-- Opening Marker --

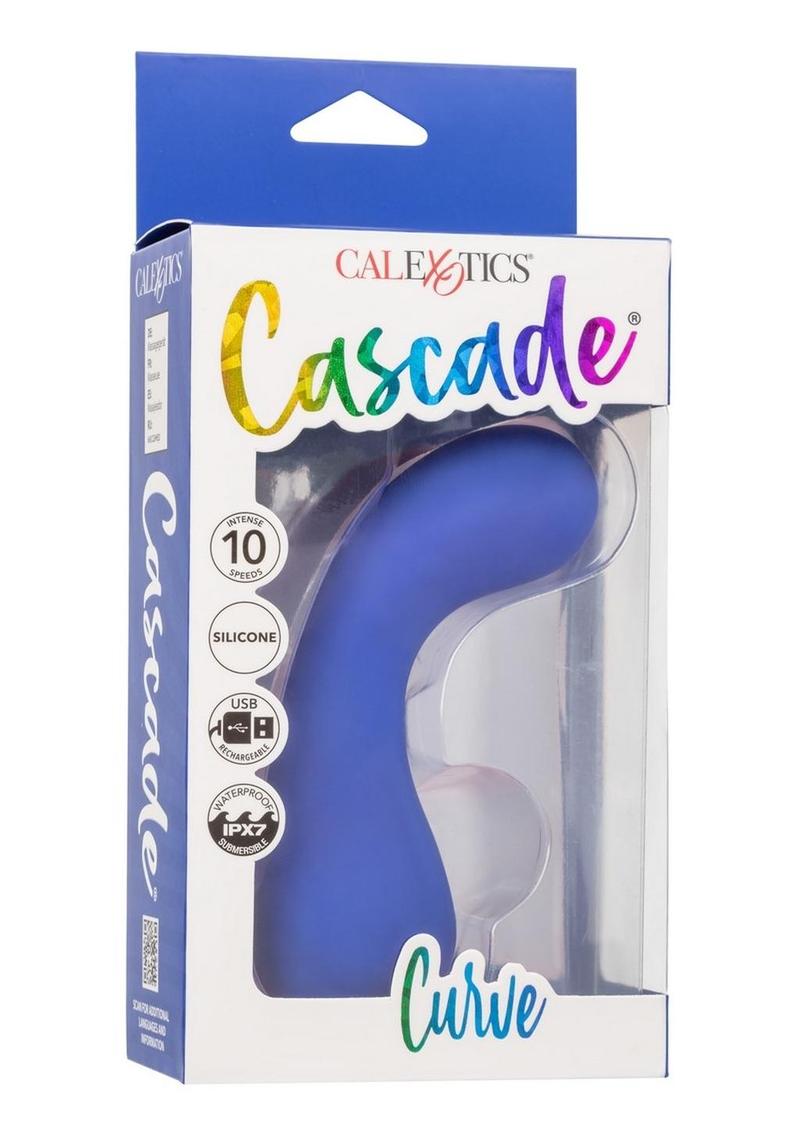 Cascade Curve Rechargeable Silicone Vibrator - Blue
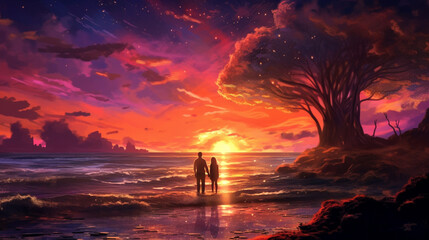 A couple sharing a warm embrace amidst a colorful sunset at the beach Generative AI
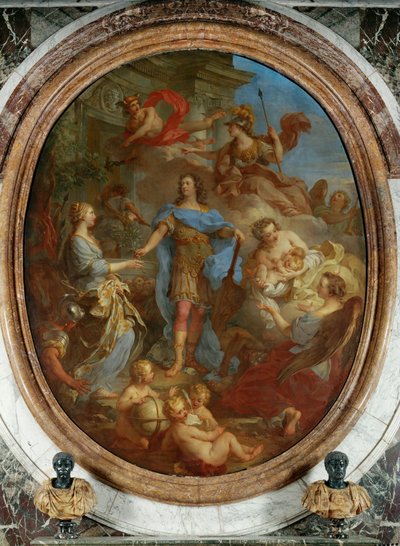 Kuningas Louis XV tuo rauhan Eurooppaan (maalaus kankaalle) tekijältä Francois Lemoyne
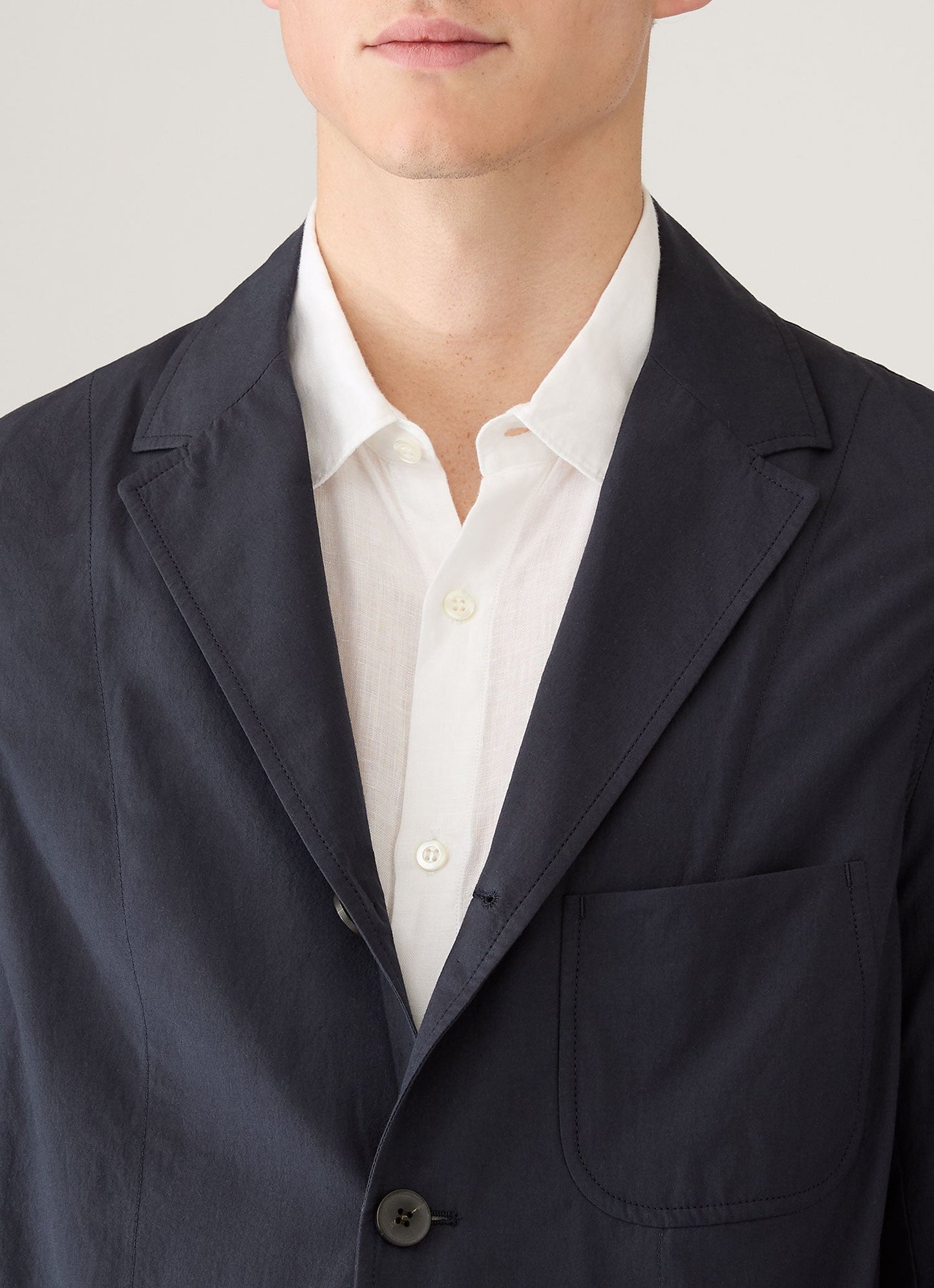 Mens Lightweight Cotton Poplin Jacket In Navy Mjac7209 Buaa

-- Closing Marker --

[Problem statement]
In the copy, keep every line of the data above exactly and drop each picture.

[Written answer]
 Cascade Curve Rechargeable Silicone Vibrator - Blue
 A couple sharing a warm embrace amidst a colorful sunset at the beach Generative AI
 Kuningas Louis XV tuo rauhan Eurooppaan (maalaus kankaalle) tekijältä Francois Lemoyne
 Mens Lightweight Cotton Poplin Jacket In Navy Mjac7209 Buaa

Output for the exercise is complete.